|DUN, S. - Washington State University|
|WU, J. - Washington State University|
|Frankenberger, James - Jim|
Submitted to: Transactions of the ASABE
Publication Type: Peer Reviewed Journal
Publication Acceptance Date: 9/11/2010
Publication Date: 10/1/2010
Citation: Dun, S., Wu, J.Q., McCool, D.K., Frankenberger, J.R., Flanagan, D.C. 2010. Improving frost-simulation subroutines of the Water Erosion Prediction Project (WEPP) model. Transactions of the ASABE. 53(5):1399–1411.
Interpretive Summary: The Water Erosion Prediction Project (WEPP) model developed by the U. S. Department of Agriculture contains a major component to simulate winter hydrologic processes, including snow accumulation/melt and soil freeze/thaw. WEPP has been used successfully in the evaluation of important natural resource issues throughout the US and in a number of other countries. However, studies have revealed problems in the winter component of the model. We modified the algorithms and subroutines that represent soil freeze/thaw processes and assessed the performance of the modified model by applying it to research data from two widely different climatic areas. Results of applying the modified WEPP to experimental plots at Pullman, WA and Morris, MN showed substantially improved agreement with field data. NRCS and other agencies and private consultants can now use WEPP with greater confidence in areas influenced by winter hydrology.

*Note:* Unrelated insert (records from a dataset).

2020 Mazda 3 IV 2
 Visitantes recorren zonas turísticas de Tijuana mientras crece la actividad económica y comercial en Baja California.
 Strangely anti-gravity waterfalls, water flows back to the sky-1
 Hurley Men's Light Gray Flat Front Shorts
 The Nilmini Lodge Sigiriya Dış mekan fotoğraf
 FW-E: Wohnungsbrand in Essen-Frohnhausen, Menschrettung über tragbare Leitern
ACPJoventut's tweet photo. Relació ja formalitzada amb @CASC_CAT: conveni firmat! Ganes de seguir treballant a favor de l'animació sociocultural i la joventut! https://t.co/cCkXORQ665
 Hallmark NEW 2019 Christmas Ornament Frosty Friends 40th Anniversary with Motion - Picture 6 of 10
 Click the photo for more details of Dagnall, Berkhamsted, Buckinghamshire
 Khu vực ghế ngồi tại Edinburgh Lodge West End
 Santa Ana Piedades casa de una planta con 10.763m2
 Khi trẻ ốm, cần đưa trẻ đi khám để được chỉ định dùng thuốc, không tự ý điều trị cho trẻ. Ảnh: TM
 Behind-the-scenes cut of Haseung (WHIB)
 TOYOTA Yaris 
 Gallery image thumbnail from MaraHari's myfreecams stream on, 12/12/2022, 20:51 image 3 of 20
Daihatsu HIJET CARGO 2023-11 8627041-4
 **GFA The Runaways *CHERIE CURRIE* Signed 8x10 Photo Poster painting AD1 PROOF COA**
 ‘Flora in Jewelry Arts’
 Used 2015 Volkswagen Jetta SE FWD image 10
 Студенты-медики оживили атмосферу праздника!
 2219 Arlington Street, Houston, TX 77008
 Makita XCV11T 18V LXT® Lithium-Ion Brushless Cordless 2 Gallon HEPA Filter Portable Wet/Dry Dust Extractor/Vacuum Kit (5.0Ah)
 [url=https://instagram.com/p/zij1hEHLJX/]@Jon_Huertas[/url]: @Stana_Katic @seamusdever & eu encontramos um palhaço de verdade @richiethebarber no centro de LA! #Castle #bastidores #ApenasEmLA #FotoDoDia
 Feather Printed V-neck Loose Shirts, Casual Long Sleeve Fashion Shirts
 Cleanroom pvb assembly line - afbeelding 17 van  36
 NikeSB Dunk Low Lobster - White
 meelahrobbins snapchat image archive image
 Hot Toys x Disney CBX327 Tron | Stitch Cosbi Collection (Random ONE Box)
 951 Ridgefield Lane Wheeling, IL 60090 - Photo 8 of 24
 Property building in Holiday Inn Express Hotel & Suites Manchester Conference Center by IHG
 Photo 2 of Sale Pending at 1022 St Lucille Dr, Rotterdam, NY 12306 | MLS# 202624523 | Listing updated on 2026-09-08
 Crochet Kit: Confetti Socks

Technical Abstract: Erosion models play an important role in assessing the influence of human activities on the environment. For cold areas, adequate frost simulation is crucial for predicting surface runoff and water erosion. The Water Erosion Prediction Project (WEPP) model, physically-based erosion-prediction software developed by the USDA, has a major component to simulate winter processes, including snow accumulation and melt as well as soil freeze and thaw. WEPP is successfully used in the evaluation of important natural resource issues throughout the US and in a number of other countries. However, a preliminary study revealed problems in the winter component of the WEPP model, especially the routine for frost simulation. The main purpose of this study was to improve the WEPP model v2006.5 so that it can more adequately simulate soil freeze-thaw and winter runoff and erosion. The specific objectives were: (1) to modify the related algorithms and subroutines in WEPP v2006.5 that improperly represent soil freeze-thaw processes; and (2) to assess the performance of the modified model by applying it to two research plots under different climatic conditions. Changes in soil profile discretization and computation of key thermal and hydraulic parameters were made in the frost simulation routines of WEPP (v2006.5), and the modified WEPP (v2008.9) was applied to experimental plots at Pullman, WA, and Morris, MN. Simulation results from WEPP v2008.9 were compared with those from WEPP v2006.5 as well as with field observations. The results from WEPP v2008.9 showed substantially improved agreement with field data compared to those from WEPP v 2006.5.